----- Source material
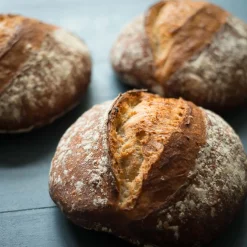 Mure Peyrot Kitchen Knives|Baking Supplies & Equipment^Bordelaise Lame - Bread Scoring Blade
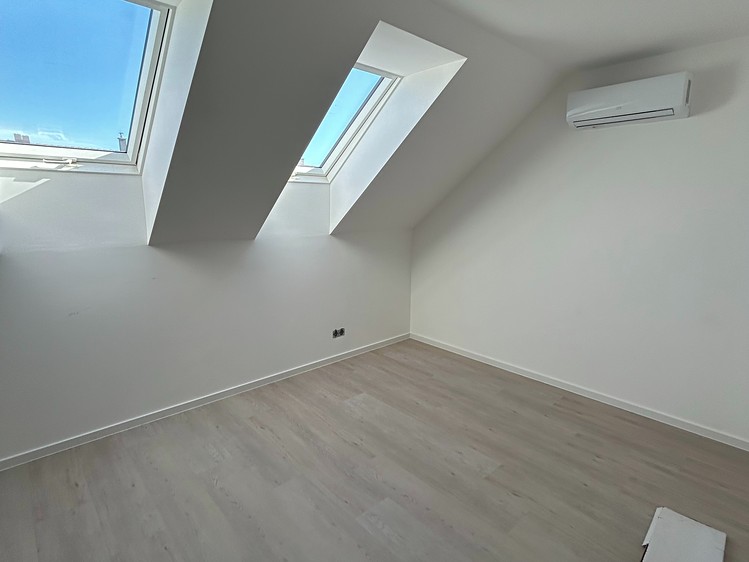 Будинок на продаж, 153 м² (16 з 21)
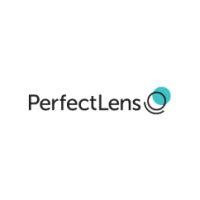 12% off PerfectLens Coupons & Promo Codes 2022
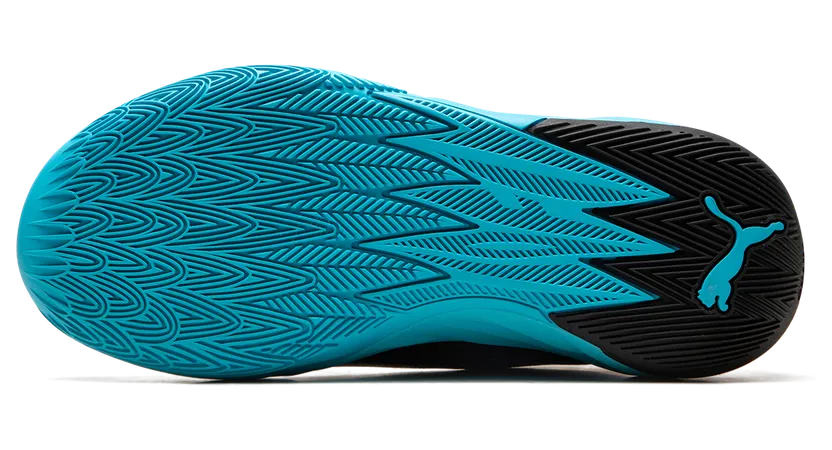 puma-basket 377644-01
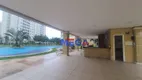 Foto 6 de Apartamento com 2 Quartos para alugar, 74m² em Cambeba, Fortaleza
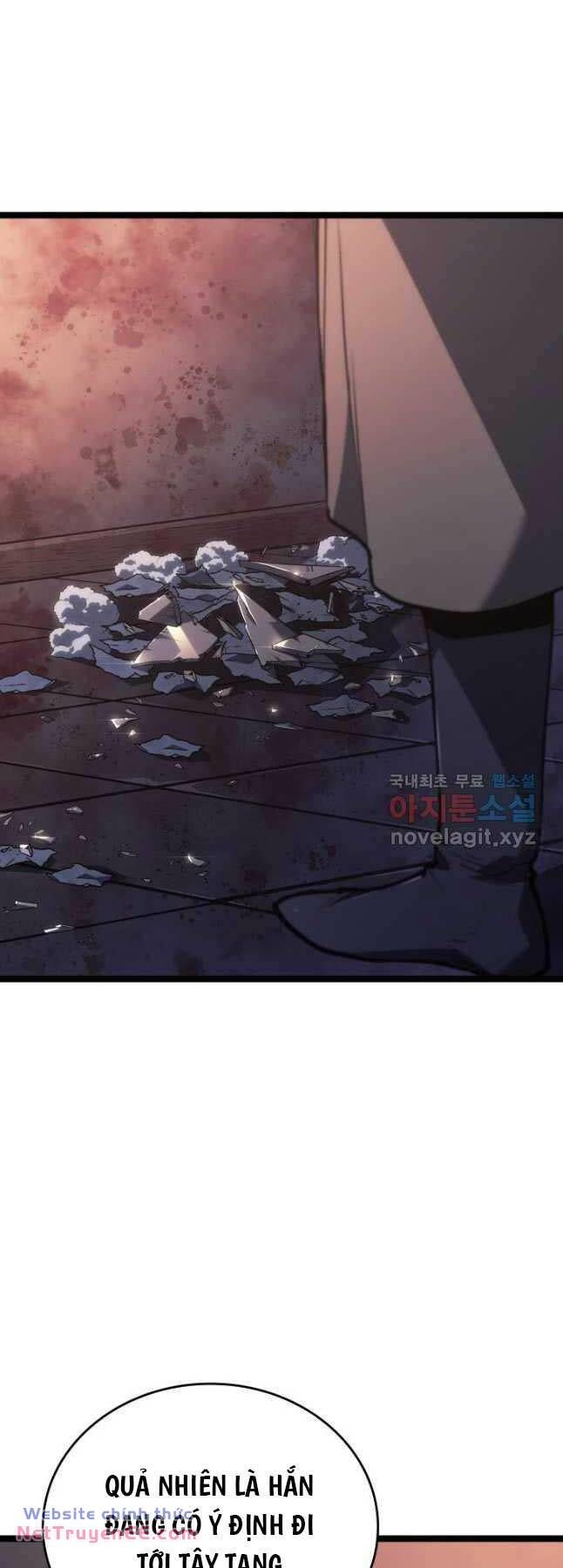 đọc truyện Tử Thần Phiêu Nguyệt Chương 81 ảnh 52 tại Thiên Thai Truyện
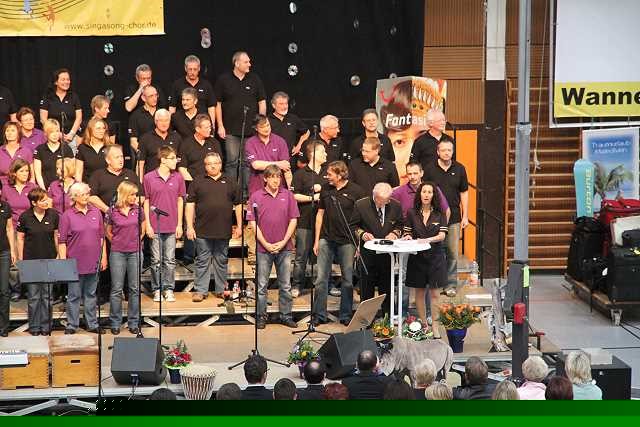 ../Images/2011-04-10 Konzert-RE (60).jpg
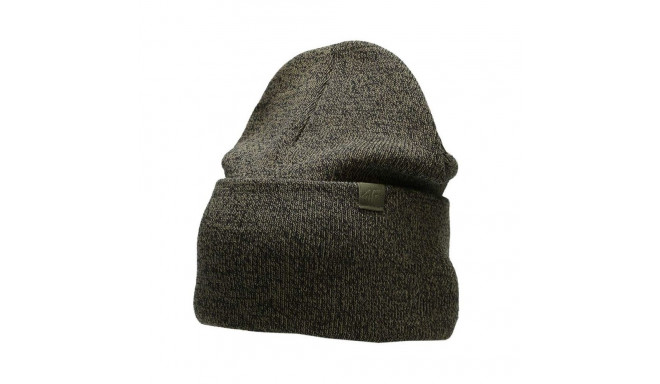 Cap 4F H4Z22CAM00543M (M)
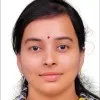 Sujatha Chakka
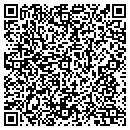 QR code with Alvares Prudden contacts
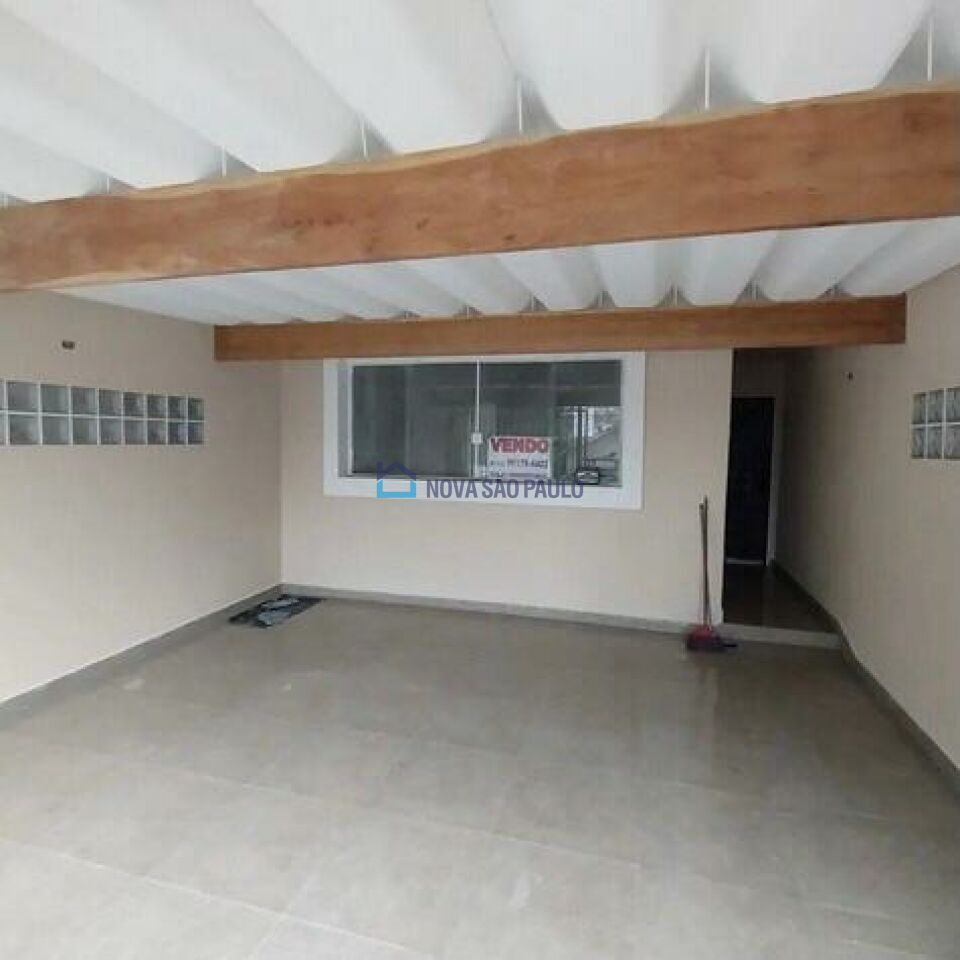 Foto 14 - BI31462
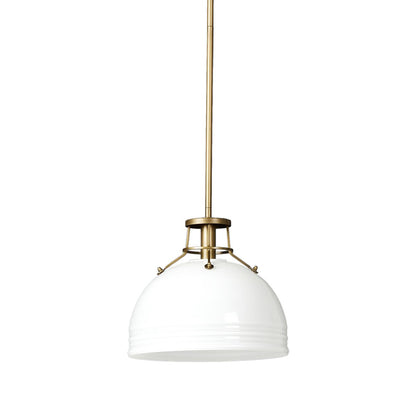 Garwin Pendant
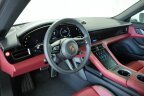 Thumbnail Photo 6 for 2025 Porsche Taycan 4S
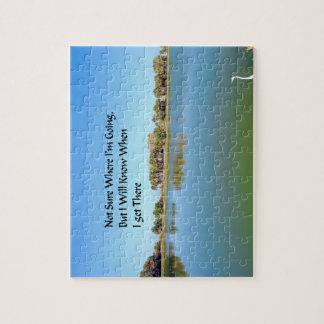 Philosophy Jigsaw Puzzle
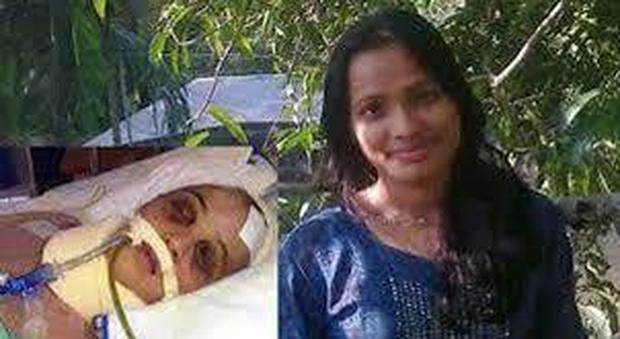 India, studentessa violentata e uccisa dal branco: giustiziati i 4 strupratori di Jothy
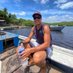 Geovanni ᴮᶠᴿ (@geovannidias_) Twitter profile photo Geovanni ᴮᶠᴿ (@geovannidias_) Twitter profile photo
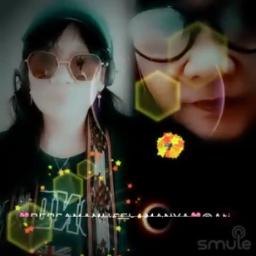 "💝BERSAMAMU SELAMANYA💝@Atika__009" by Atika__009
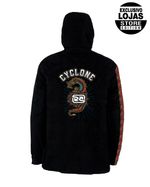 Jaqueta-Cyclone-Veludo-Jacquard-Dragon-Preto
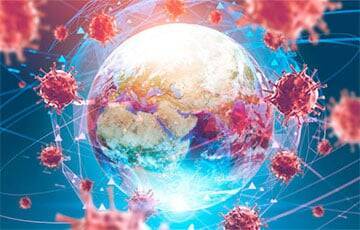 Ведущий немецкий вирусолог считает возможным конец пандемии в 2022 году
----------
**What you are asked to do:** When copying the entries, drop the images and keep every line exact.

**Answer for this exercise:**
 Mure Peyrot Kitchen Knives|Baking Supplies & Equipment^Bordelaise Lame - Bread Scoring Blade
 Будинок на продаж, 153 м² (16 з 21)
 12% off PerfectLens Coupons & Promo Codes 2022
 puma-basket 377644-01
 Foto 6 de Apartamento com 2 Quartos para alugar, 74m² em Cambeba, Fortaleza
 đọc truyện Tử Thần Phiêu Nguyệt Chương 81 ảnh 52 tại Thiên Thai Truyện
 ../Images/2011-04-10 Konzert-RE (60).jpg
 Cap 4F H4Z22CAM00543M (M)
 Sujatha Chakka
 QR code with Alvares Prudden contacts
 Foto 14 - BI31462
 Garwin Pendant
 Thumbnail Photo 6 for 2025 Porsche Taycan 4S
 Philosophy Jigsaw Puzzle
 India, studentessa violentata e uccisa dal branco: giustiziati i 4 strupratori di Jothy
 Geovanni ᴮᶠᴿ (@geovannidias_) Twitter profile photo Geovanni ᴮᶠᴿ (@geovannidias_) Twitter profile photo
 "💝BERSAMAMU SELAMANYA💝@Atika__009" by Atika__009
 Jaqueta-Cyclone-Veludo-Jacquard-Dragon-Preto
 Ведущий немецкий вирусолог считает возможным конец пандемии в 2022 году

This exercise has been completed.